Well, I have my own take on this, but it's a matter of personal taste. When I read stories set in a large-scale fictional (particularly science-fictional or fantasy-based) setting - a doorstop novel with a lot of backstory, multiple stories in the same world, a shared universe - one of the things I'm interested in is world-building. (One of the things. I'm also interested in "good stories." I'm also interested in characterization. I don't consider these interests to be in conflict. I consider them interconnected.)
I enjoy and appreciate the way a world is build out of individual stories and details - if it's done well. I think we often get better, and certainly better-thought-out, stories, when the writers and editors remember that they're not just writing and individual issue (or arc, or series) - they're also taking advantage of what writers created for them before, and adding to it so that writers after them can use it. "Leave the sandbox as clean as you found it, and don't break the toys" seems like a useful principle to me.
I'm not a fanatic about it - I don't hold continuity and consistency as a value above and beyond all other aspects of story-telling - but I appreciate it when it's well-done, and when writers make a good-faith effort. When they toss it aside unnecessarily out of apathy, laziness, ignorance (that they have no interest in fixing), or arrogance ("I'll just overwrite their stories because mine or so much better!"), I don't think we always get the best results.

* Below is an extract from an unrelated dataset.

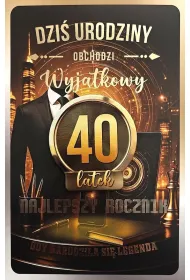 Yeku Karnet z wymiennymi rocznikami 40 m�ska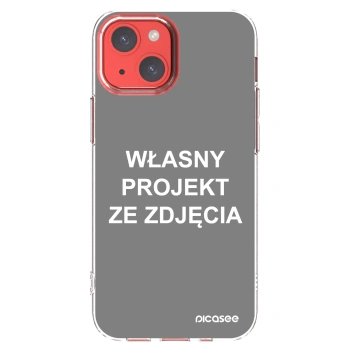 Picasee silikonowe przeźroczyste etui na Apple iPhone 13 mini - Własny projekt ze zdjęcia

Connected with this, though, is my realization that a large-scale shared universe with multiple authors probably can't be maintained indefinitely (unless that's your only goal, which would be a mistake), so I think it makes sense to reboot your universe every 25-30 years or so. Maybe take the old universe and set it aside quietly in a parallel timeline, and set some stories in it, or even visit it, now and again.

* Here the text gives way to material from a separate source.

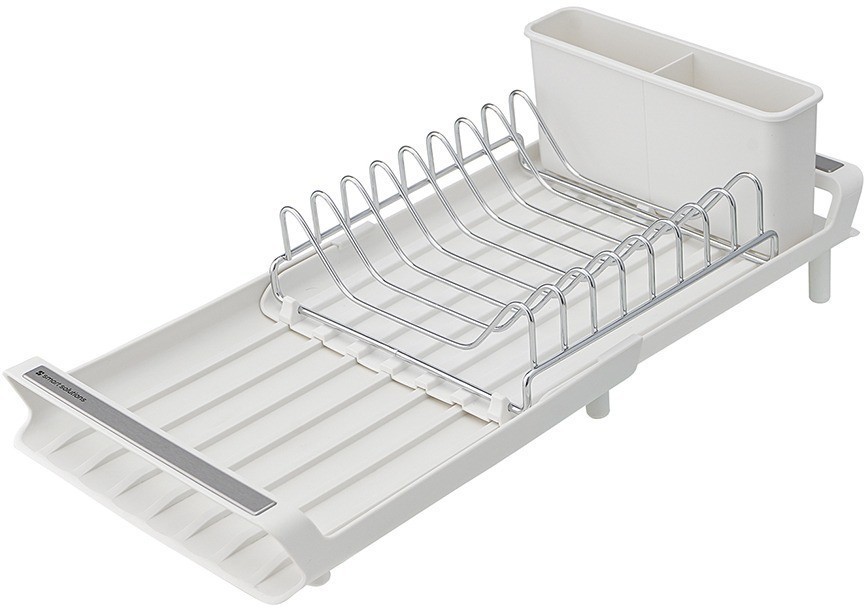 Сушилка для посуды atle раздвижная малая, белая (75757)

The relevance here being: unless you have a really, really, really good reason, I don't think a character should be rebooted, or their origin retconned, until you're ready to reboot the whole universe. Especially when characters like Diana and Donna are so interconnected.

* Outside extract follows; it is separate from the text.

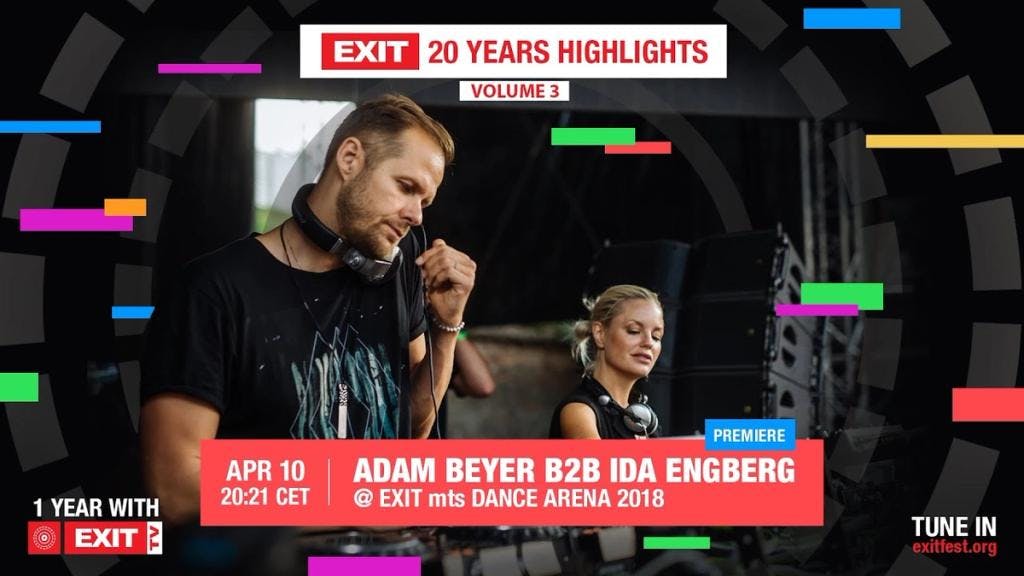 B2B with Adam Beyer at Exit Festival 2018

(And I don't happen to think that the success of George Perez's Wonder Woman - which I loved; it's my favorite version - depended on Wonder Woman debuting five years after Superman and Batman, and well after Wonder Girl. If he wanted to write a Year One maxi-series of her earliest days, that's fine. And I've seen some indication that that's what he originally had in mind. But I could be wrong.)
But that's just me. As, as you implicitly suggest, I've lost that argument a long time ago. DC's major retcon/reboots seem to happen about every five years now, and smaller (but not very small) retcons happen more frequently, and asynchronously. And right now the DCU is basically defined as a universe undergoing a constant series of retcons - or retcon-adjacent activities, with deus ex machina entities stealing history, altering the memories of the entire human race (and changing all physical evidence while they're at it), recreating relationships based on events that characters sort of, kind of remember but that sort of, kind of, didn't happen (or did happen, then didn't happen, and now did happen again).
This is all in the service of a good cause (in my opinion), restoring the "Legacy DCU," which I like a lot better than The New 52 version. But if, like me, you're also interested in world-building - how you get there, how solid the world looks when you do - then the techniques being used can be seen as a little disheartening. The resulting world is something of a Frankenstein Monster, with all the seams showing, and it's hard for anybody (readers, writers, editors) to know which characters experienced what events, in what company, who remembers what, and why they remember it, and so on. All of which I consider important to character development, ongoing narrative threads, mysteries to be solved, questions to be resolved, and stuff like that there.
But I'm probably not the most important reader demographic they have in mind.
Last edited by Doctor Bifrost; 07-29-2016 at 03:26 PM.
Doctor Bifrost
"If Roy G. Bivolo had seen some B&W pencil sketches, his whole life would have turned out differently." http://doctorbifrost.blogspot.com/
Just to clarify my opinion of using Rhea....it doesn't include being raised on another planet or memory suppression. I only suggest Rhea be used to save her from the fire and then hand her over to the Amazons. Everything else would follow Marv Wolfman's original origin for Donna. However, Rhea and the Titans of Myth would be watching her growth on the sidelines...seeing her as a possible "seed" to succeed them.
"History of the DC Universe" by Wolfman and Perez, when the DCU use to make sense.